Vous savez aussi bien que moi quel est le pourcentage de Français qui participent effectivement à l’action collective que ce soit dans des partis politiques ou des syndicats. On ne peut pas à la fois abandonner le terrain du travail commun et nous plaindre ensuite que la stratégie et la tactique ne correspondent pas à ce que nous souhaitons. La démocratie, ce n’est pas seulement une fois tous les cinq ans, c’est tous les jours. Je crains que des situations que beaucoup de nos concitoyens déplorent aujourd’hui ne soient le fruit de leur absentéisme, du vide où ils ont laissé les lieux où se cuisinent la stratégie et la tactique, où s’imposent les décisions, où il n’y a pas de contestation. Mais la contestation n’est pas seulement le cri du ras-le-bol individuel ; c’est aussi l’organisation, la capacité de faire vivre des corps intermédiaires qui ne réduisent pas l’autorité sociale à des petits noyaux. C’est une responsabilité pour nous tous.

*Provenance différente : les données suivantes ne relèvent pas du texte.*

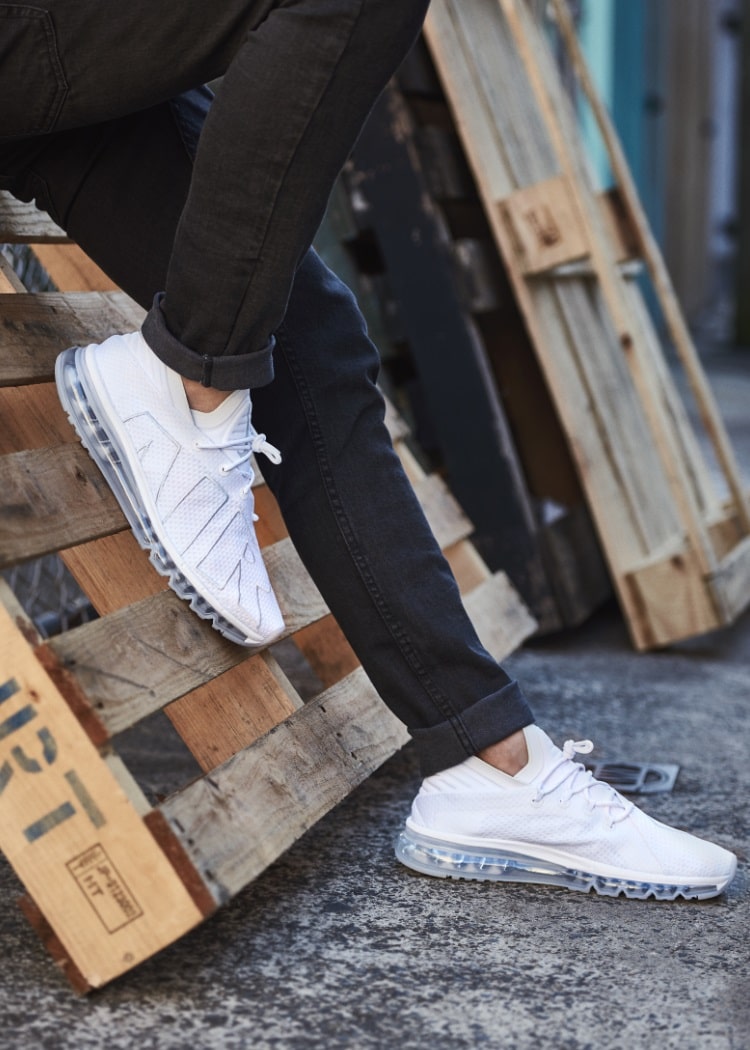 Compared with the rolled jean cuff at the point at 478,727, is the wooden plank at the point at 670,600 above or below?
below

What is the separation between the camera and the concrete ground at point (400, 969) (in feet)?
4.00

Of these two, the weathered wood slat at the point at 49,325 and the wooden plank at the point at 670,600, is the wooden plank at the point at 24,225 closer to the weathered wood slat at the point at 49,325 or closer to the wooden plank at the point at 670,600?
the weathered wood slat at the point at 49,325

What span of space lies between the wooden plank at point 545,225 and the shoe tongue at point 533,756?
138cm

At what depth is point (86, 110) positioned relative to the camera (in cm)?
133

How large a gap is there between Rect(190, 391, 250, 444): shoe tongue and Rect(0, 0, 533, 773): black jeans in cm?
6

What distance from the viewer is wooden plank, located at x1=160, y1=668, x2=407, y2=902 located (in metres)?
1.31

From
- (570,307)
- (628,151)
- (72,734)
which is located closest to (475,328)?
(570,307)

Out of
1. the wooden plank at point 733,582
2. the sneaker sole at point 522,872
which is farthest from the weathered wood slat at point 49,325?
the wooden plank at point 733,582

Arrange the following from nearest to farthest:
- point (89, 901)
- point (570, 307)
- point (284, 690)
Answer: point (89, 901), point (284, 690), point (570, 307)

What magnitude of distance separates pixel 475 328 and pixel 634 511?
1.78 ft

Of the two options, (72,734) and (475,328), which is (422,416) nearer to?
(475,328)

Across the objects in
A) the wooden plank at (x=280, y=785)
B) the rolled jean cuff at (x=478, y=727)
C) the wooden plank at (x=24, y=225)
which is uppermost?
the wooden plank at (x=24, y=225)

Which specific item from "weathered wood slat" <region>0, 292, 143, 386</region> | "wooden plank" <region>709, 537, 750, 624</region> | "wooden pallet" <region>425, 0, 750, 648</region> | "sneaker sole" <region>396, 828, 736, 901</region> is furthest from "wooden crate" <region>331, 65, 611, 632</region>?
"sneaker sole" <region>396, 828, 736, 901</region>

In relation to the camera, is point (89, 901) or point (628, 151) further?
point (628, 151) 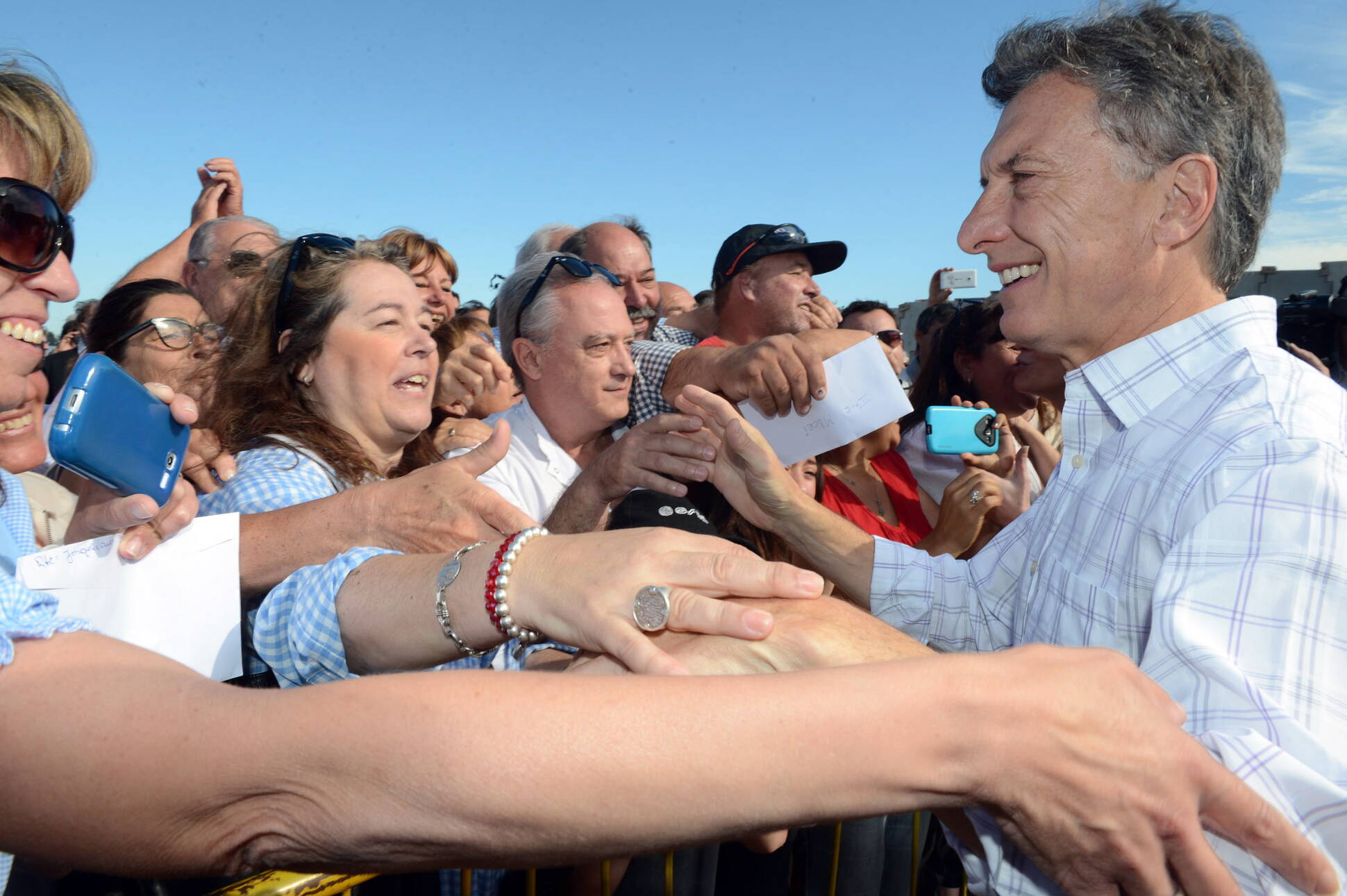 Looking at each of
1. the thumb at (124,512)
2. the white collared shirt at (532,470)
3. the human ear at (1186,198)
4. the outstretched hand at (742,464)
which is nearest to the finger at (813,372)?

Être chrétiens dans ce monde n’est pas simplement nous mettre en prière à heures fixes, fût-ce plusieurs fois par jour ; c’est vraiment nous mêler des affaires de ce monde, parce que les affaires de ce monde transforment la vie des hommes, les rendent plus heureux ou plus malheureux, font grandir leur liberté ou leur capacité de vivre ou au contraire les restreignent, leur permettent d’atteindre les objectifs qu’ils se sont fixés ou posent des barrages sur leur chemin Mais tout cela que, dans certaines cultures on peut attribuer à la fatalité et dans certaines conditions à la dictature, dans une démocratie, cela se discute, cela se transforme et cela se transforme.
Je voudrais que votre commencement de cette année universitaire ne soit pas sous le signe du désenchantement. Je voudrais que vos espoirs, votre désir d’avancer, de progresser, et pourquoi pas ? de réussir ne soit pas déçu. Je voudrais que votre générosité pour que le monde soit meilleur trouve à s’investir autrement que dans des bagarres de couloir.
Je voudrais que votre reconnaissance au Christ qui sauve attire sur vous la puissance de la parole du Christ : « Relève-toi ! » Relève-toi ! Ne te laisse pas conduire, ne te laisse pas égarer, ne te laisse pas brider. « Relève-toi ! Ta foi t’a sauvé » Amen.